Okay, so first of all, you do know that that’s not really an angel of music, right? I mean, I know your dad said that whole thing, and then magically there’s this person who teaches you how to sing in his magical catacombs and all, and I totally understand why you would think that. But let’s be honest, honey, that is a guy who voluntarily wears a cape and a mask and lives in the basement. I’m not even going to ask about what qualifications he initially presented that made you think he would be a good vocal coach for you, because this is not a place of judgement, but I think you should really consider being a little less trusting in the future. And I know that a guy having a life-sized sex doll version of you dressed in a wedding dress is really flattering, sort of, but I think that would be considered a big red flag. I mean, look, I have a lot of trouble with dating too, but sometimes it helps me to think about whether I would like to see something on, say, an Okcupid profile. Like, if you saw a listing for a guy that included a cape, a mask, the whole basement thing, a nickname that includes ‘the’ and the inclusion of a sex-doll version of you, would you be sending him a message? No, you would not. Even if he did say that he was sent by your dead father. Which, let’s be honest, is really really creepy. Do you really think your dad is up in heaven hoping that you hook up with your damaged music teacher?

Oh, that’s another thing. What exactly was going through your head when you were going into your dad’s tomb to meet up with the Phantom? So you were thinking that your dad sent this guy, but also maybe that he was your dad and summoning you? In a sexual way? Look, honey, I don’t really want to know, but all I’m going to say is, therapy.

And look, Raoul seems great, really. Handsome and rich, what could be better? I’m not really sure why he calls you Lotte when your name is Christine, but hey, that’s between you two. But don’t you think it’s maybe not such a great idea to jump right on into a relationship with a controlling guy when you’re clearly already working through some stuff with another guy who loves controlling you? I mean, Raoul doesn’t even listen to you when he’s all “come to dinner, Lotte” and you’re like “I can’t, there’s a guy in my mirror who tells me what to do and he’ll be mad” and he’s like “ha ha ha, whatever, I’ll be back in a jiff to take you to dinner.” And then later he pushes you back onstage to be with the phantom in his creepy sex duet! That is not a supportive partner, Christine! And look, I know that you guys were happy at the end to have escaped the Phantom’s evil lair, but did you guys have to go off singing your love duet? Couldn’t you have waited until you, say, got upstairs? That was a little insensitive, Christine. I mean, I know he’s a creepy obsessive basement-dwelling murderer, but he’s got feelings too.

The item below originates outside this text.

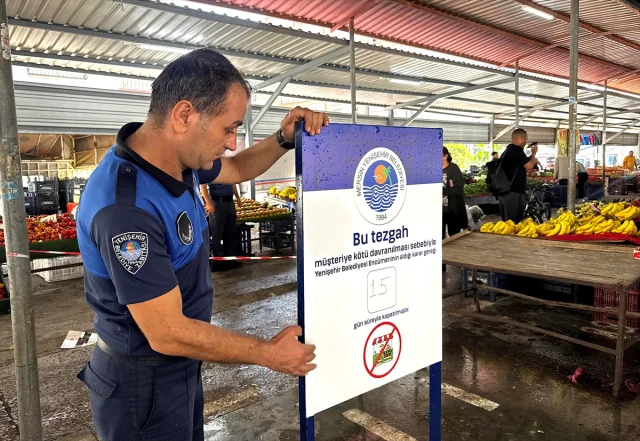 Pazarcının müşteriyle gerginliği Mersin'de tezgah kapattırdı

But all this stuff is really secondary. What I’m really wondering, Christine, is what YOU want. It’s a heady time – you’re so talented and beautiful and special, and I’m so glad it’s all working out for you with the whole opera star thing. But is that even what you want? I mean, you don’t seem to know which man you want, or whether you want either. You don’t even want to sing initially – Mrs. Danvers and the Degas girl have to push you to do it. The only thing you seem to want in the whole show is to have your father back (which, let’s be honest, isn’t going to happen unless there is some zombie sequel, and please god I hope there isn’t a zombie sequel), and to have someone who can take you away from all this. But there is someone who can take you away from all this, Christine – you. You don’t have to sing if you don’t want to. In fact, I think maybe you shouldn’t. I think maybe you should just leave all this opera stuff behind, dump those two losers, and go find out who Christine is for a while on a beach in Hawaii or backpacking across Europe or something. Just, you know, maybe not in Coney Island, mmkay?